Nobel Prize Exploratory Data Analysis with Lets-Plot

The data is provided by Kaggle.

Preparation

In [1]:
from sys import executable
!{executable} -m pip install colorcet
Requirement already satisfied: colorcet in /Users/asmirnov/opt/anaconda3/envs/lets-plot-docs/lib/python3.8/site-packages (3.0.0)
Requirement already satisfied: param>=1.7.0 in /Users/asmirnov/opt/anaconda3/envs/lets-plot-docs/lib/python3.8/site-packages (from colorcet) (1.12.2)
Requirement already satisfied: pyct>=0.4.4 in /Users/asmirnov/opt/anaconda3/envs/lets-plot-docs/lib/python3.8/site-packages (from colorcet) (0.4.8)
In [2]:
import numpy as np
import pandas as pd
import colorcet as cc

from lets_plot import *
from lets_plot.geo_data import *
LetsPlot.setup_html()
The geodata is provided by © OpenStreetMap contributors and is made available here under the Open Database License (ODbL).
In [3]:
def get_counts_df(local_df, *, column, column_name=None):
    vc_df = local_df[column].value_counts().to_frame('count')
    vc_df.index.name = column_name if column_name else column
    vc_df = vc_df.reset_index()
    return vc_df
In [4]:
df = pd.read_csv("https://raw.githubusercontent.com/JetBrains/lets-plot-docs/master/data/nobel.csv")

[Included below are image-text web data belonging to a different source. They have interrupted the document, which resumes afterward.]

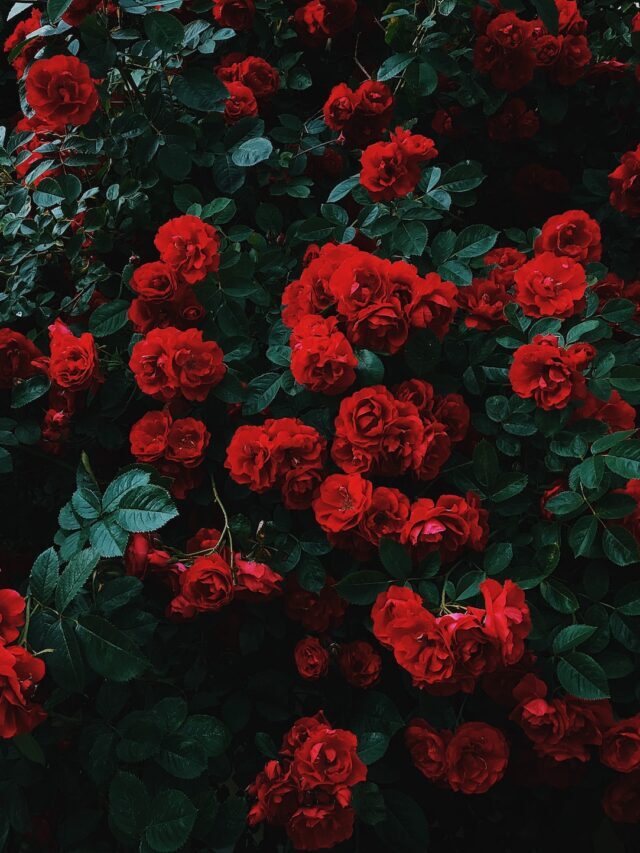 Rose Farming Business Guide For Success!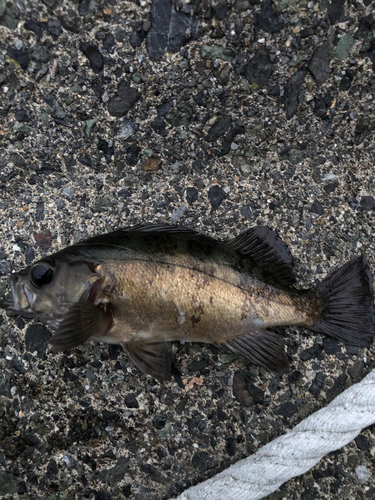 メバルの釣果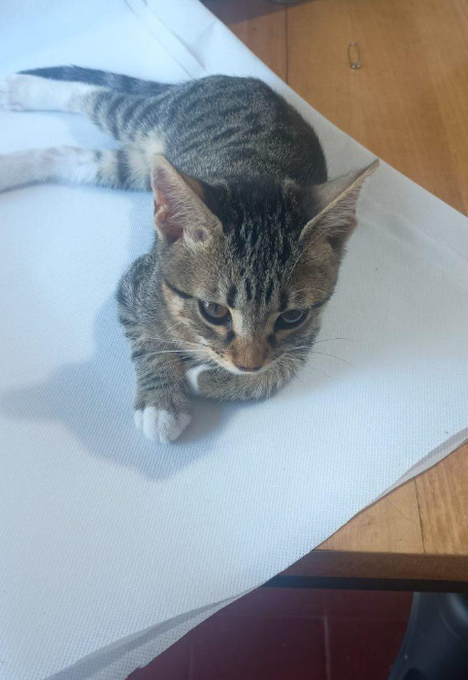 A small tabby kitten with white paws lies on a white cloth on a wooden table.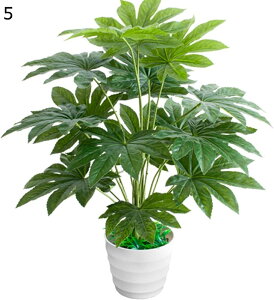 lHϗtA tFCNO[ ^ Xe |gX  sv 60CM ͂Ȃ e[up q Be Vzj A o^Cf[ a nEB EFfBOp v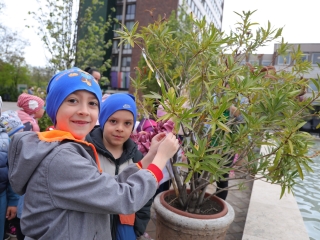 Húsvéti pompában a Városháza tér (galéria) - fotó: 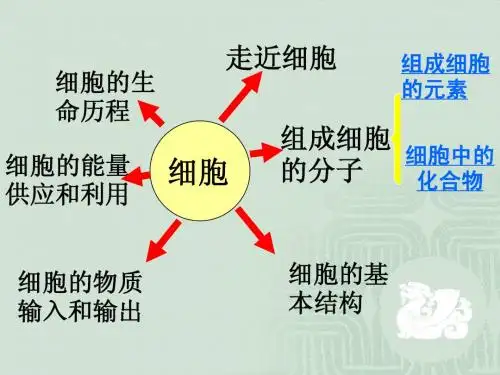 1.1 从生物圈到细胞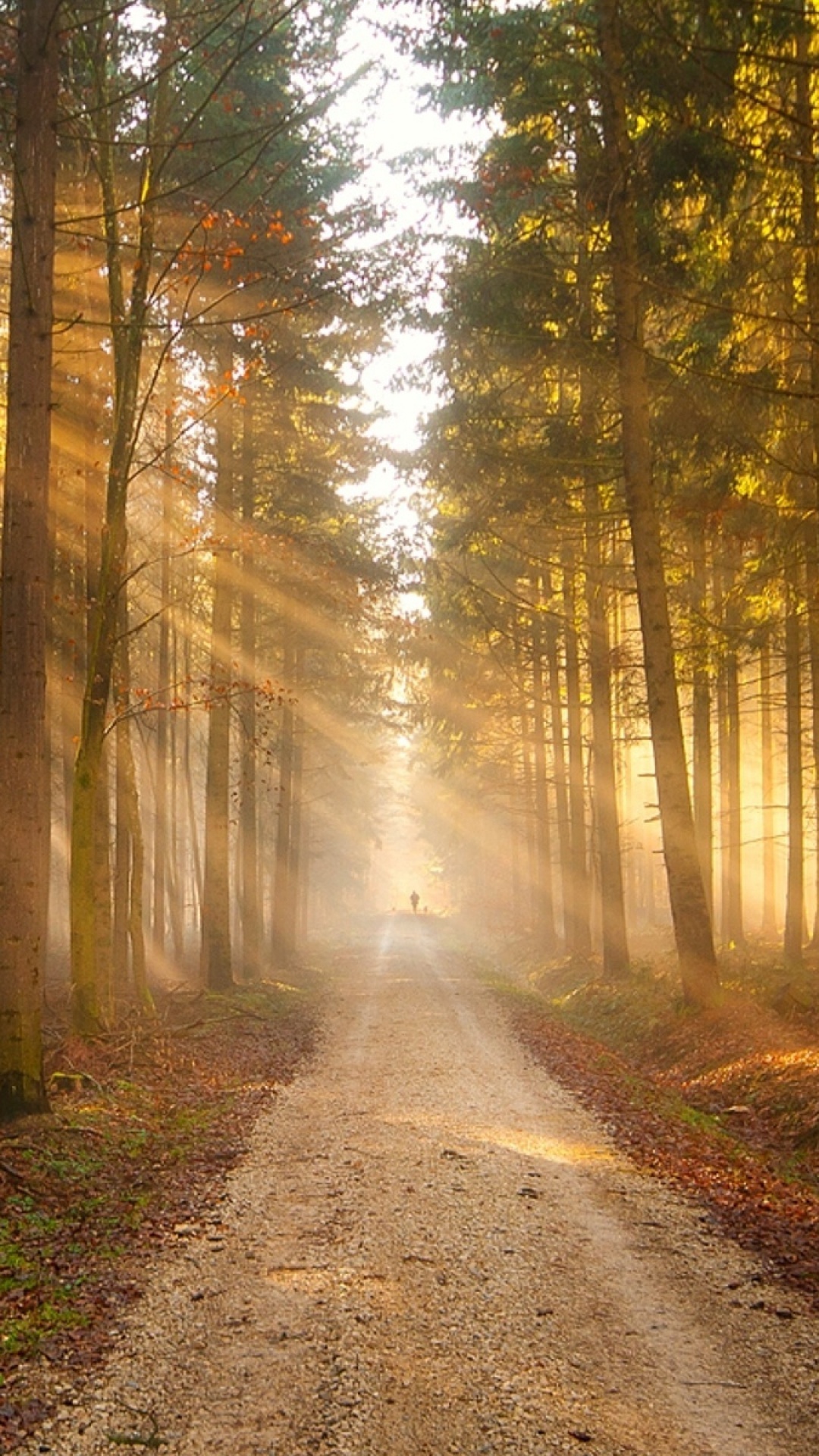 Pathway Between Trees During Daytime. Wallpaper in 1080x1920 Resolution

all_countries = pd.Series(list(set(list(df.born_country_code) + \
                                   list(df.died_country_code) + \
                                   list(df.country_of_university))))
all_countries = all_countries[~all_countries.isna()]
geocoded_countries_df = geocode_countries(all_countries).ignore_not_found().get_geocodes()
geocoded_countries_dict = geocoded_countries_df.set_index('country').to_dict()['found name']
df = df.replace({
    'born_country_code':
        dict(geocoded_countries_dict, \
             **{str(c): np.nan for c in set(df.born_country_code) - set(geocoded_countries_dict.keys())}),
    'died_country_code':
        dict(geocoded_countries_dict, \
             **{str(c): np.nan for c in set(df.died_country_code) - set(geocoded_countries_dict.keys())}),
    'country_of_university':
        dict(geocoded_countries_dict, \
             **{str(c): np.nan for c in set(df.country_of_university) - set(geocoded_countries_dict.keys())})
})
df = df.rename(columns={'born_country_code': 'born_country', \
                        'died_country_code': 'died_country', \
                        'share': 'prize_share'})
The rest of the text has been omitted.